→ **Work order**: For the records below, copy exactly the span that begins at the line containing "4 Bedroom House" and stops after the line containing "15614 DELL LN, Selma, TX 78154", minus any pictures.

→ **Excerpted records**:

────────────────

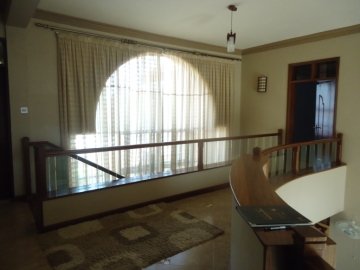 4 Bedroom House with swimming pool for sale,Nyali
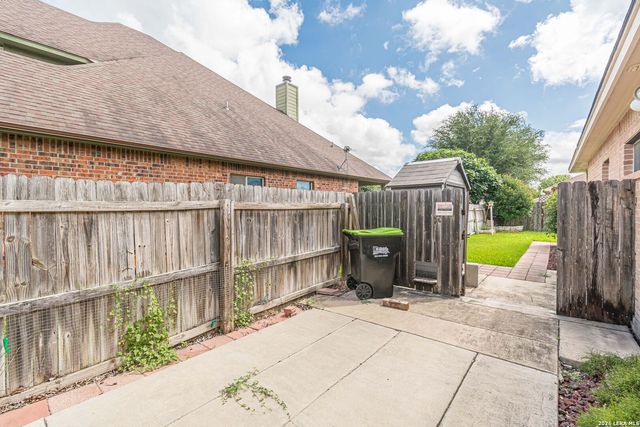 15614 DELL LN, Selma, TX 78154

────────────────

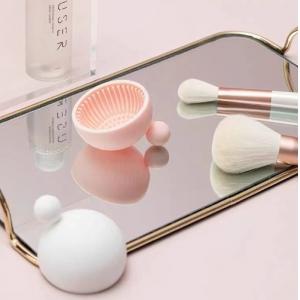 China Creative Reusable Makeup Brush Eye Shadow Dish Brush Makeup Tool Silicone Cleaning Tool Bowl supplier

────────────────

→ **Result of the exercise**:
 4 Bedroom House with swimming pool for sale,Nyali
 15614 DELL LN, Selma, TX 78154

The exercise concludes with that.